> _Task item_: Beneath this instruction is a listing. Transcribe from it only the stretch from the line with "Add to album" through the line with "Remove from album", both end lines included, exactly as written.

> _Extracted entries_:

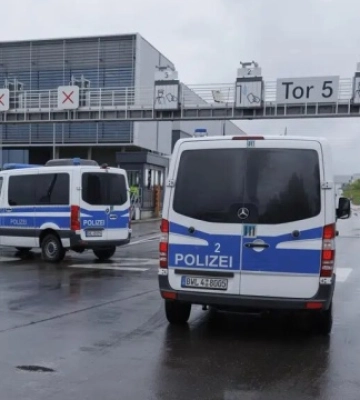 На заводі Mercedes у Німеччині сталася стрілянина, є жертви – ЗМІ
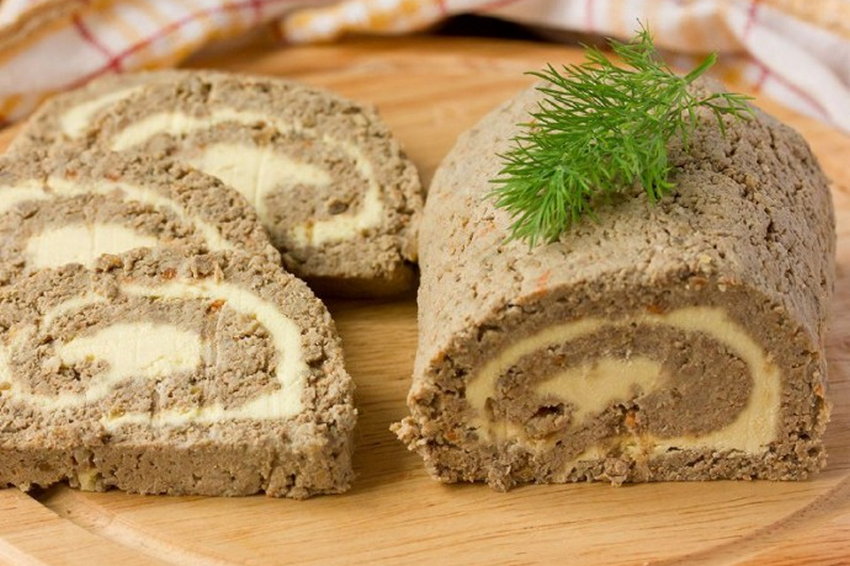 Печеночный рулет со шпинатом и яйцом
...
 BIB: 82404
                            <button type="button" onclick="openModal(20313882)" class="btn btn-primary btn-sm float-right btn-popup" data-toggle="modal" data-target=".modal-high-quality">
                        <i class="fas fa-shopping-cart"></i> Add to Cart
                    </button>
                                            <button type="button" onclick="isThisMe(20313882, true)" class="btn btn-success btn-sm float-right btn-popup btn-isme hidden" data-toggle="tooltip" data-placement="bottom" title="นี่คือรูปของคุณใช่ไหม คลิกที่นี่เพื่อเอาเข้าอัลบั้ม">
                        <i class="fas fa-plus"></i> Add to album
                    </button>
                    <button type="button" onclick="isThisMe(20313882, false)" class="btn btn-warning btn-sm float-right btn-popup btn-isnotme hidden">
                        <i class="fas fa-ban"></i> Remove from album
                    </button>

> _Output for this task_:
                        <i class="fas fa-plus"></i> Add to album
                    </button>
                    <button type="button" onclick="isThisMe(20313882, false)" class="btn btn-warning btn-sm float-right btn-popup btn-isnotme hidden">
                        <i class="fas fa-ban"></i> Remove from album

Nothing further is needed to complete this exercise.